Sunny Day Real Estate are emo's best-known standard bearers. Predictably, their influence on earnest, guitar-wielding young men remains pervasive. They've spawned a million and one knockoffs, most of which aren't fit to carry their wounded torch into battle, but regardless of the carnage left in their wake, their place at the epicenter of that most derided of genres remains unchallenged -- whether they want it to or not.
Their indelibility notwithstanding, it seems erroneous to suggest that The Fire Theft have emerged from the SDRE's ashes; Enigk, Mendel and Goldsmith have simply discharged founding guitarist Dan Hoerner and continued onward as a trio. Though painful, the rebuilding process has obviously been a cleansing experience for the remaining members; they were never going escape their preeminent legacy as a unit, so jettisoning Hoerner was essential if they were to ever start anew.
They've shed their punk rock skin, and consequently, the group's self-titled debut is colored by the sweeping orchestral flourishes of Enigk's solo work and the prog-influenced bombast of The Rising Tide. Granted, nothing on display here is entirely new, but other than opener "Uncle Mountain" -- a textured flurry of tribal drumming, stark piano and wintry distortion -- very little here even vaguely resembles the unmitigated ire of days gone by.
Enigk's sky-melting voice still echoes a lifetime worth of torture, jubilation and redemption, but the softhearted sonic palette upon which his words are now spread diffuses the eternal resonance that marked the best moments of SDRE's tumultuous, albeit extraordinary career. The passion that once seeped from the group now appears manufactured; the narrow complacency of "Chain" barely registers anything beyond a sigh, while the smarmy, would-be paean "Sinatra" sinks in a sea of its own bland disillusion.
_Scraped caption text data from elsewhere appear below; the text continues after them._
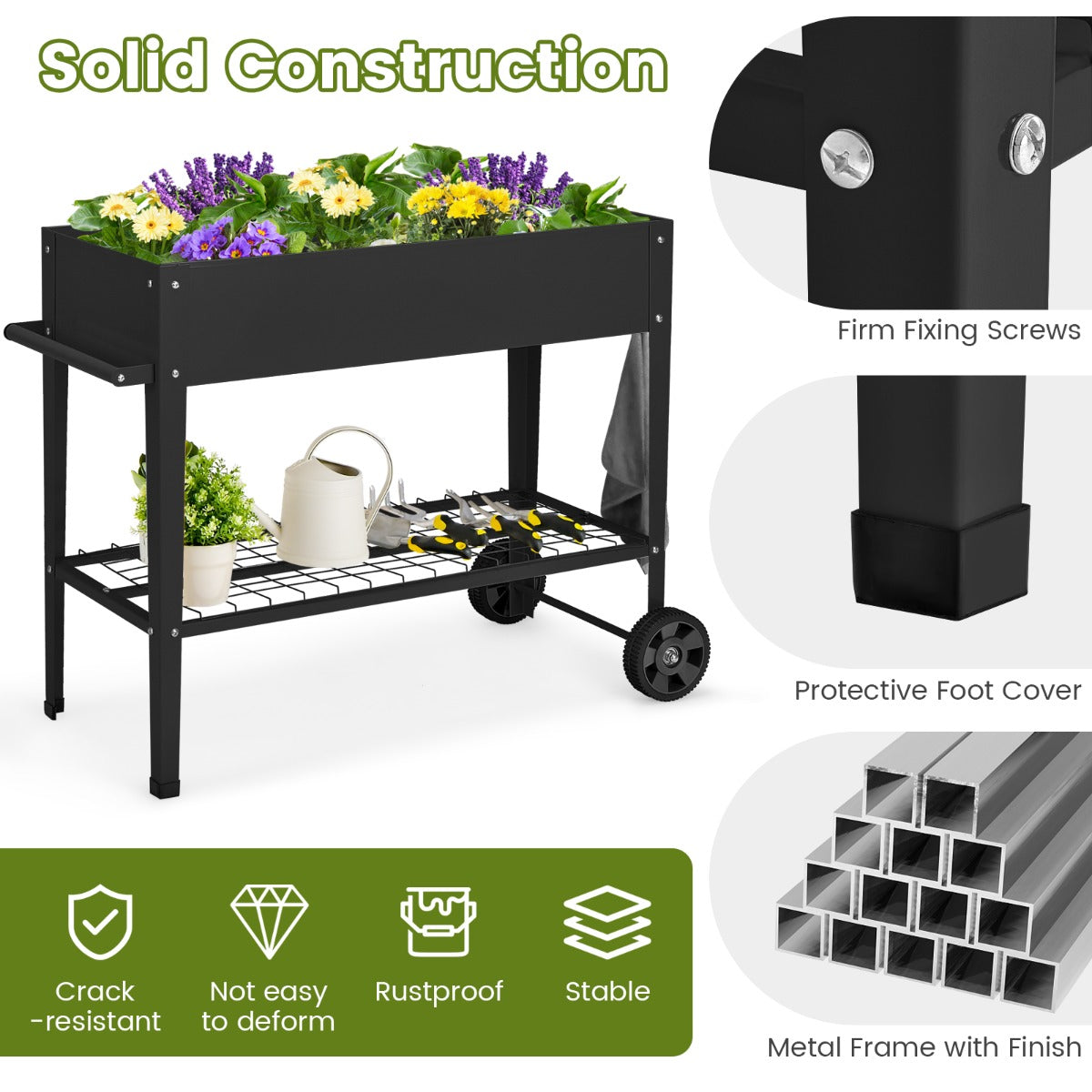 LIVSK Verhoogd Tuinbed met Opslag - 65L Plantenbak - Ergonomisch en Mobiel - Inclusief Wielen en Haken - Zwart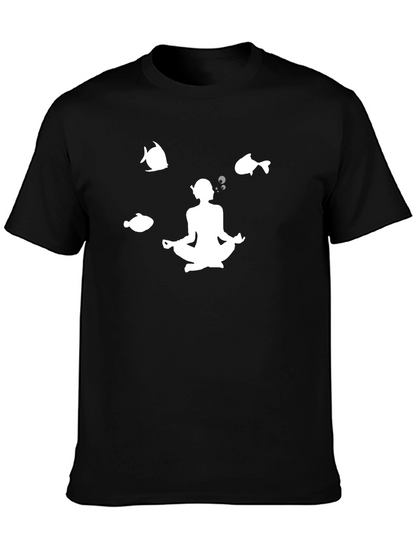 Camiseta Negra Meditación Buceo Peces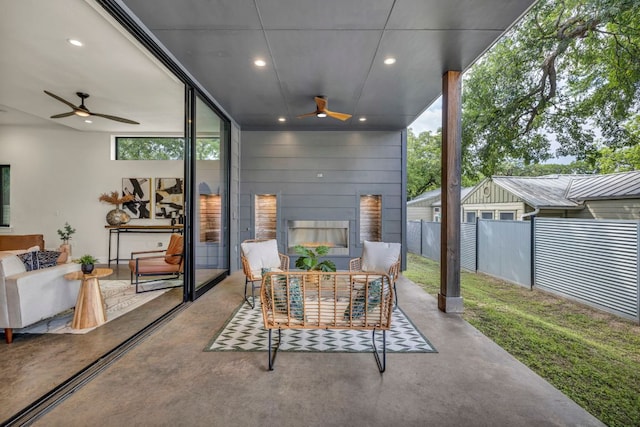 803 Josephine St, Austin, TX 78704 - view of patio with a ceiling fan and an outdoor hangout area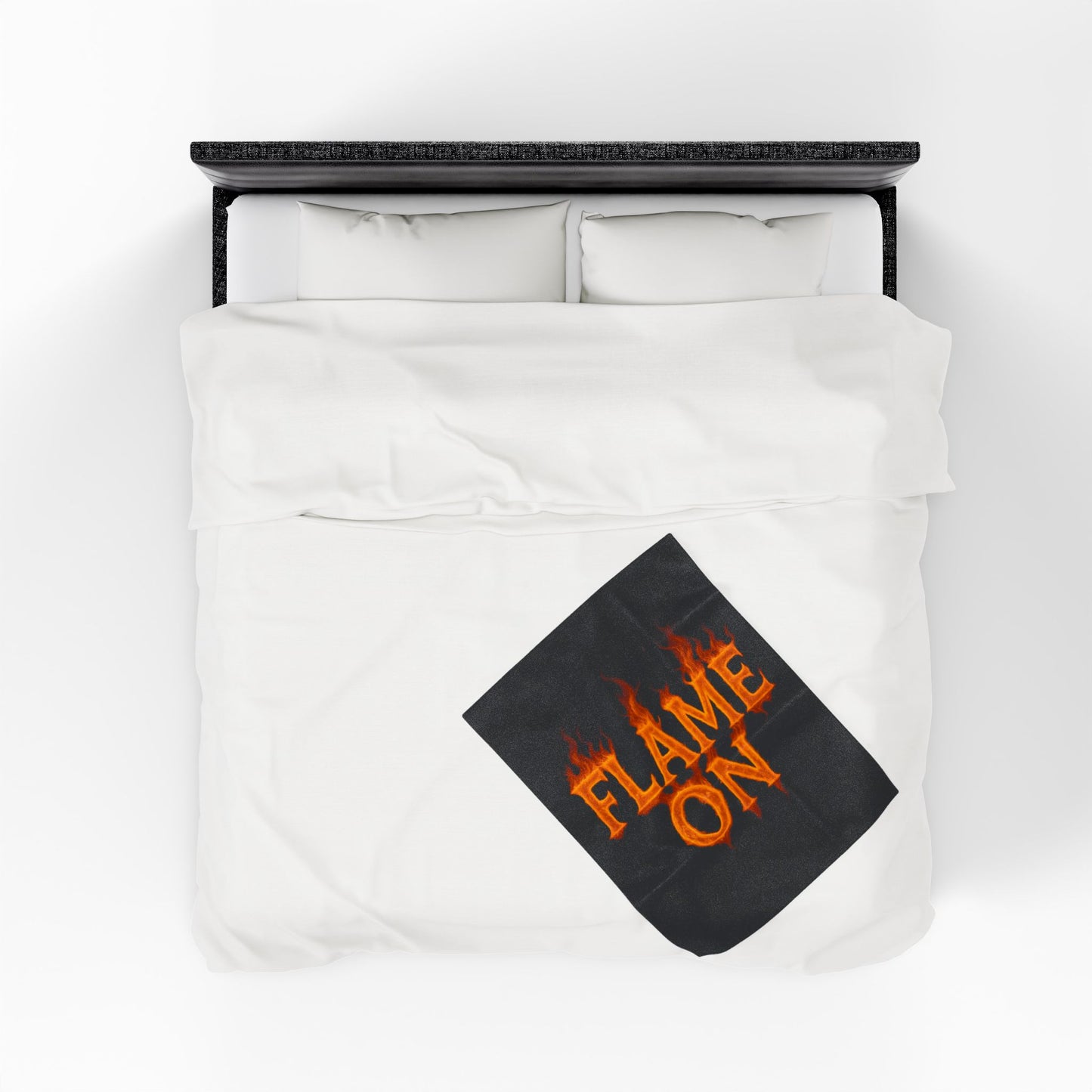 Flame On Fire Typography Blanket - Bold Flame Text Fleece Throw for Comic Fans, Cozy Fire Aesthetic Decor, Hero-Inspired Bedding Gift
It's rather telling, then, that the album's most awe-inspiring moments are completely bereft of Enigk's signature cry. The loping, backwards-spinning "Summertime" suggests a lost Piper at the Gates of Dawn interlude, while the boiling "It's Over" churns along on a primeval Led Zeppelin stomp, with William Goldsmith doing his best Bonham over cascades of roiling guitars and twisted-oak bass figures. The untitled album finale is a thirteen-minute bliss-out worthy of Slowdive themselves -- all delayed, washed-out guitar drone and sycophantic flutter.
The group's bequest is both a gift and a curse. Although it has already been, and shall continue to be, an uphill battle, The Fire Theft have verified that life beyond Sunny Day Real Estate is a viable (if not wholly meaningful) proposition.